Cache memory is a CPU memory, which the microprocessor uses to increase the average speed of the interacting with the general memory of the computer (usually random access memory or RAM). It is one of the upper levels of the memory hierarchy. The cache uses a small capacity, very fast memory (typically, SRAM), which keeps code of frequently used data. If most of the requests would be processed in memory cache, the average delay would be close to the delays of the cache. When the CPU needs to address the memory for reading or writing data, it starts with checking if there is a copy of it in the cache. If successful, the processor performs an operation using a cache with very small latency, increasing overall performance by that.
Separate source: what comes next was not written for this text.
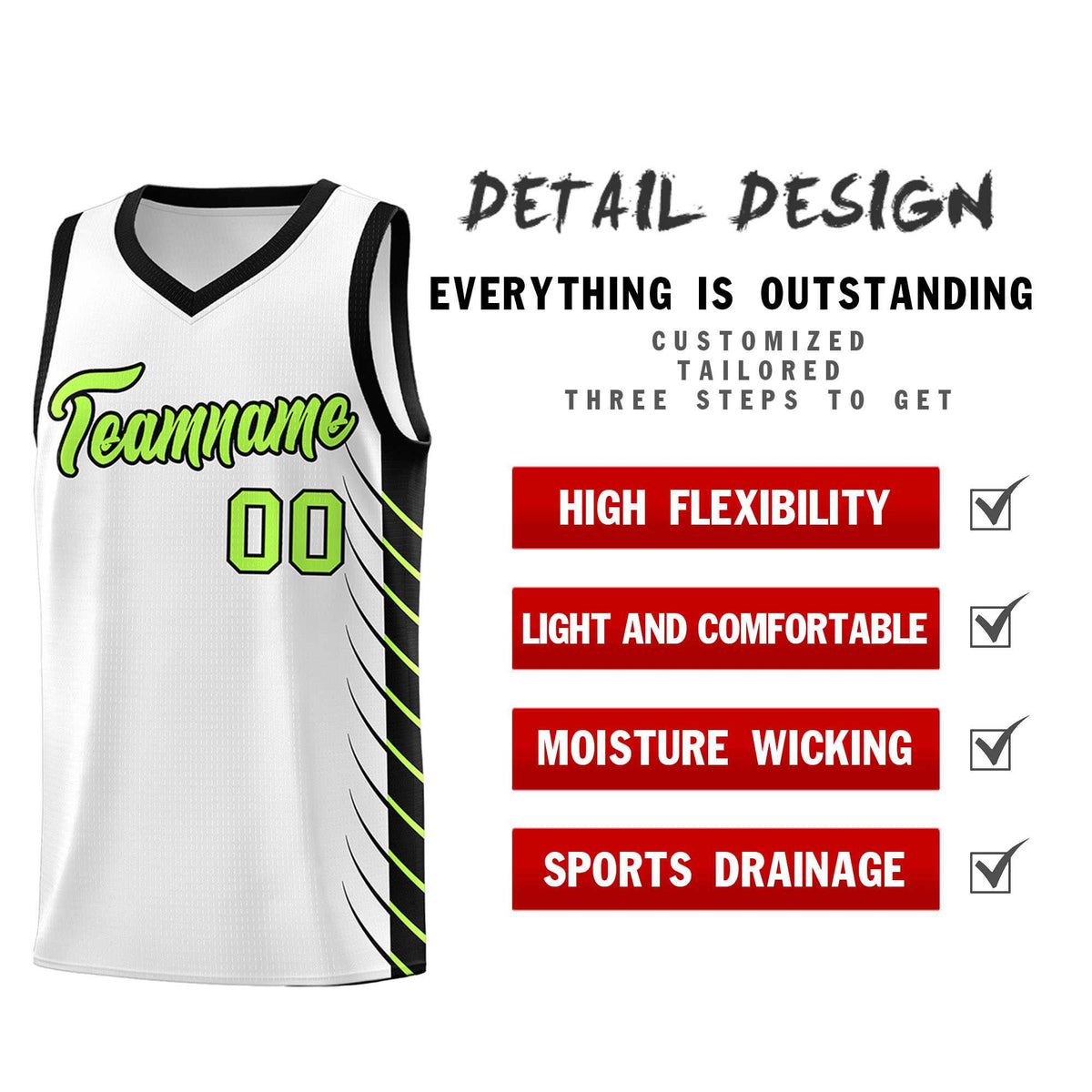 Custom White Black Personalized Side Symmetrical Line Pattern Sports Uniform Basketball Jersey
Today, most microprocessors have multi-lavel cache: instruction cache to speed up loading of machine code, a data cache to speed the reading and writing of the data, and the TLB to speed up the translation of a virtual (mathematical) addresses to physical addresses for both data and instructions. Memory cache is often built as a three-level cache (L1, L2, L3).

At the dawn of microprocessor technology, the difference between the access time of the general memory and the processor registers was not so great. However, since the 80s of the twentieth century, the gap in the performance has significantly grown. The speed of the cache grew faster than that of RAM, especially in terms of operation frequency, so the RAM has become a bottleneck for the system performance. Although the same type of the fast memory as for cache can be used for the general memory, a more economical way was chosen: to use excessive amounts of relatively slow, but cheap memory, and a small amount of fast cache memory to reduce the performance gap.

For modern processors, it usually takes more than one clock cycle to read the data from the cache. The execution of programs is sensitive to delays in reading data from the first level cache. A lot of efforts was given to speed up the memory caches.